PROBLEM:
Among the lines below, take the one holding "BMW X3 sDrive18d sport - 23", the one holding "Galaxy Z Flip5", and all lines between them. Set them down exactly.

MATERIAL FOR THE TASK:

"""

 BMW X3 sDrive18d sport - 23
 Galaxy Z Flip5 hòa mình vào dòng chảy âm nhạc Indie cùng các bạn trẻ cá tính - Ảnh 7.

"""
"""

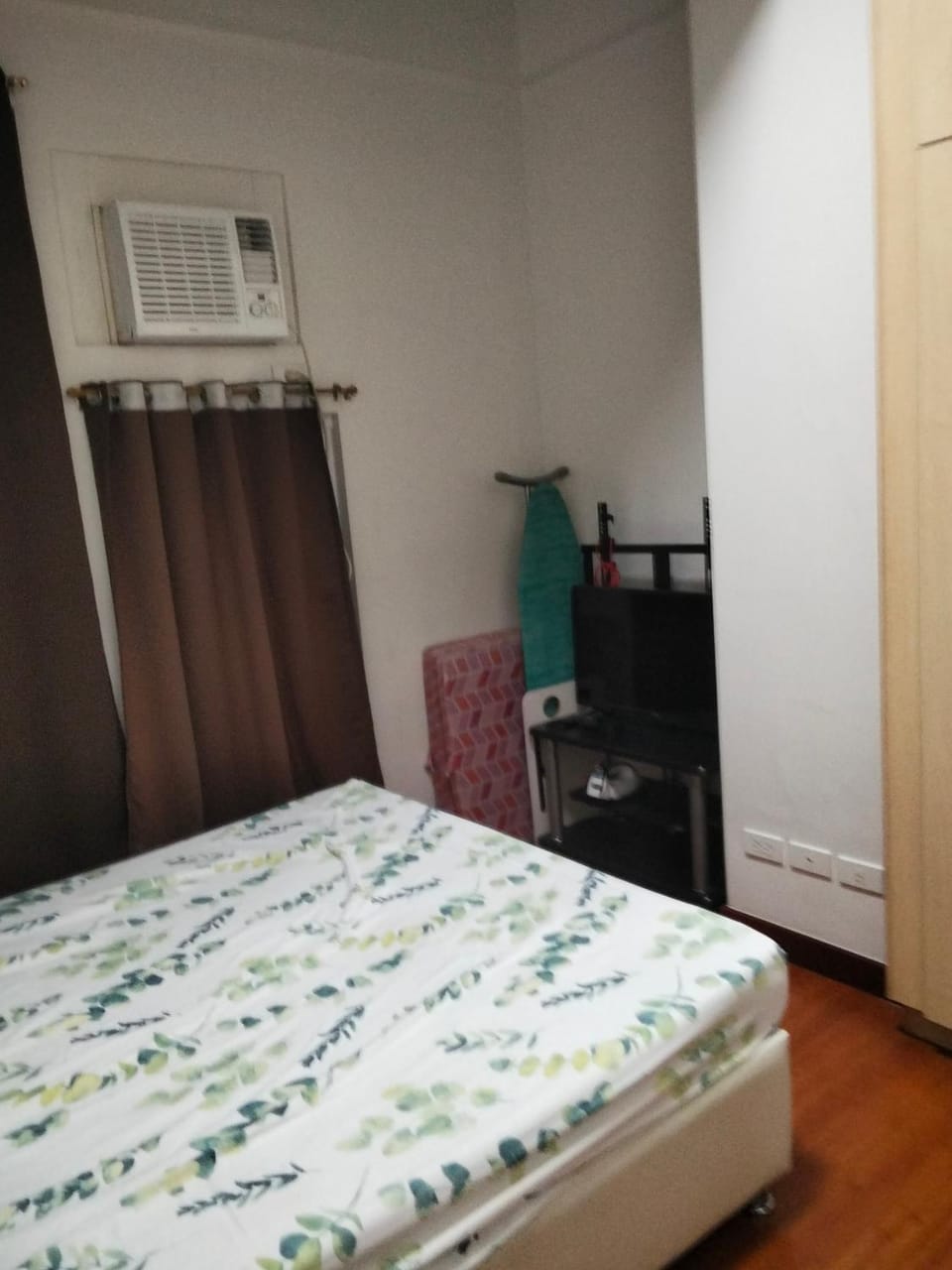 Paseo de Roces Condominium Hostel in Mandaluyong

"""

TASK RESPONSE:
 BMW X3 sDrive18d sport - 23
 Galaxy Z Flip5 hòa mình vào dòng chảy âm nhạc Indie cùng các bạn trẻ cá tính - Ảnh 7.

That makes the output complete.